L'inflazione rappresenta infatti un fenomeno assai poco neutrale, a seconda della conformazione sociale di una società. Storicamente l'inflazione è stata usata dai padroni, per vanificare le conquiste salariali della classe operaia, e dallo stato, per svalutare in termini reali l'alto debito pubblico contratto durante una guerra. Negli anni '70 il meccanismo redistributivo dell'inflazione è stato bloccato dalla scala mobile, che ha addirittura funzionato al contrario: non solo difendeva il salario reale di tutti i lavoratori e le pensioni dei pensionati, ma aumentava addirittura il salario per i livelli più bassi. Per questo e stata attaccata frontalmente con tutti i mezzi e alla fine cancellata. Il ritorno della contrattazione salariale a livelli più compatibili con l'accumulazione del capitale ha finito per fare registrare ai salari un forte ritardo rispetto ai profitti, alla rendita finanziaria, all'inflazione reale. Hanno ragione dunque i giornali dei padroni a non preoccuparsi più di tanto della ripresa dell'inflazione: essa oggi rappresenta un fenomeno d'importazione, non ha cause interne, non corrisponde ad una ripresa impetuosa dei consumi o ad un ciclo rivendicativo sindacale. La subordinazione dei lavoratori alle pratiche vergognose di collaborazione sindacale e cosi profonda che nulla può impensierire gli altoparlanti del potere.

Le pratiche concertative degli anni '90 hanno depotenziato qualunque spinta salariale. Oggi la produttività del lavoro nel sistema Italia e tra le più attraenti del vecchio continente, alla pari di quella Usa, Non ci sarebbe dunque da stupirsi se la new economy riuscisse a decollare sfruttando tutti i vantaggi della old economy: una sindacato completamente subalterno, una classe operaia rassegnata, salari da anni '50.
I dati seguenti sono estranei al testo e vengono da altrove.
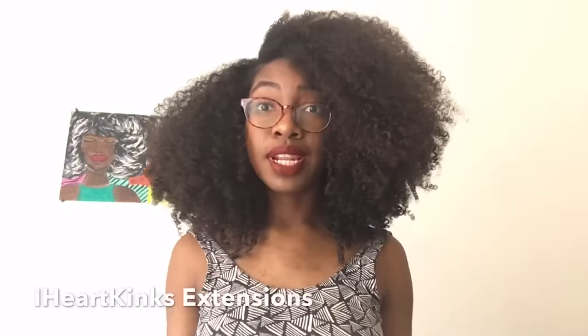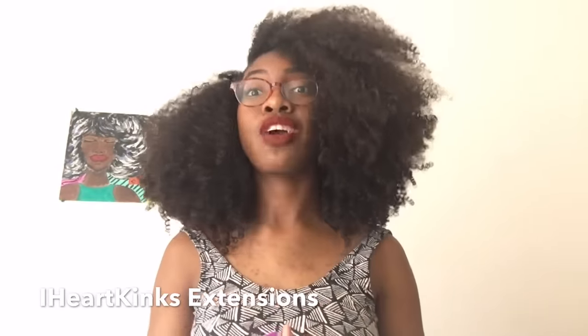The company I received the hair from is called I Heart Kinks Extensions. It's a Black-owned hair company out of Houston, Texas that specializes in making hair extensions that basically match African-American textures. Today I have kinky straight hair.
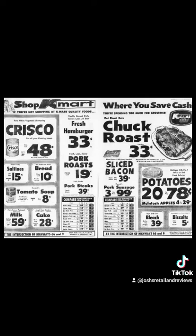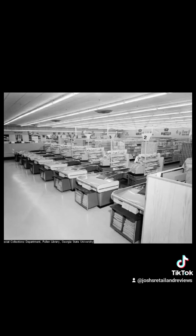Here's an old ad from the Kmart Food store. Very little information and very few photos are found on the internet of the Kmart Food store. This is what the inside of the Kmart Food store looked like.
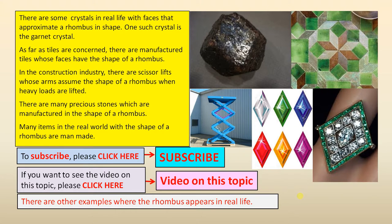There are many precious stones which are manufactured in the shape of a rhombus. Many items in the real world with the shape of a rhombus are man-made.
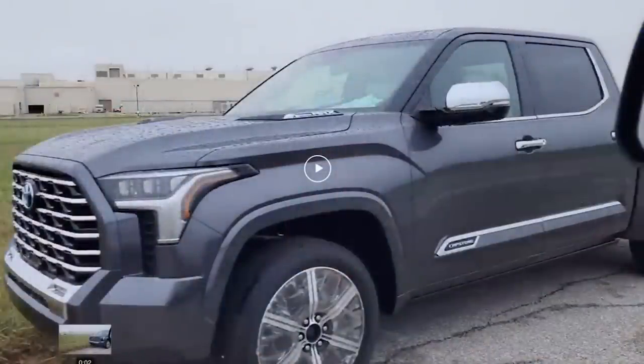Subscribe, stick around. So let's start with this photo. I'm going to cut to the chase and put it on the screen right now. You can see along the badging along the door — this is called Capstone. It's an interesting look, a different trim level. Again, that's the 2022 Toyota Tundra.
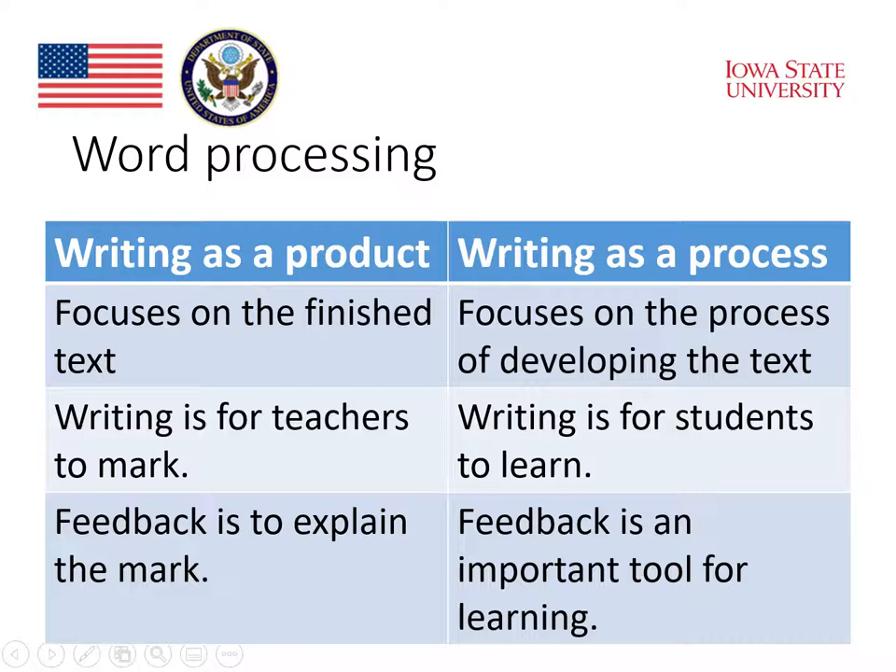In the model where writing is considered a product, the focus is on the finished text, as opposed to the process view of writing where the focus is on the process of developing writing, revising, and editing. In the product mode of thinking, writing is for teachers to mark, whereas writing as a process conceptualizes writing as a way for students to learn the language.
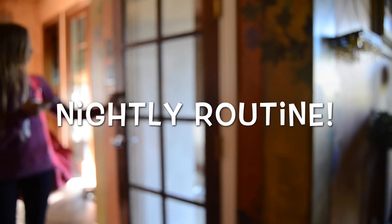Hey guys! Today's video is going to be my nightly routine. I hope you guys enjoy — this was so requested!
D'Antoni attacca D'Alema chiedendo che venga sterilizzato il prezzo della benzina, abbassando l'enorme quota assorbita dal peso fiscale. I conti pubblici dell'Italia lo possono permettere: il rapporto deficit/pil e risultato a fine anno pari all'1,9%, un dato sorprendente vista la previsione governativa di un rapporto del 2,4% ancora nella primavera scorsa. Sulla spesa hanno inciso i 20.000 miliardi in meno pagati come interessi sul debito e sulle entrate i 10.000 miliardi in piu introitati come tasse. Ci sono dunque le risorse per attutire l'impatto inflazionistico del rincaro del greggio. Ben diverso e il discorso per quanto riguarda i prezzi delle tariffe: e ben difficile pensare che le aziende ex-pubbliche, fresche di privatizzazione, siano disponibili a rispettare i tetti d'inflazione programmata indicati dal governo. La sostanziale inutilità delle numerose e costosissime authority presenti nei vari settori dimostra che, una volta rotti gli argini, nulla può essere fatto contro il libero dispiegarsi delle forze del mercato. In questo caso il rimedio comune dei vari governi e scontato: si modula il sistema di tariffazione delle bollette in modo da dissimulare gli aumenti reali, e quando e necessario si manipola il sistema di misurazione dell'inflazione, in modo da non registrare quella reale. Un paniere per ogni esigenza, verrebbe da dire. Tutto questo può essere messo davvero in crisi in un solo modo: una ripresa massiccia delle lotte e delle rivendicazioni salariali, che recuperi il gap accumulato in questi anni e riporti l'iniziativa operaia al protagonismo sociale del passato.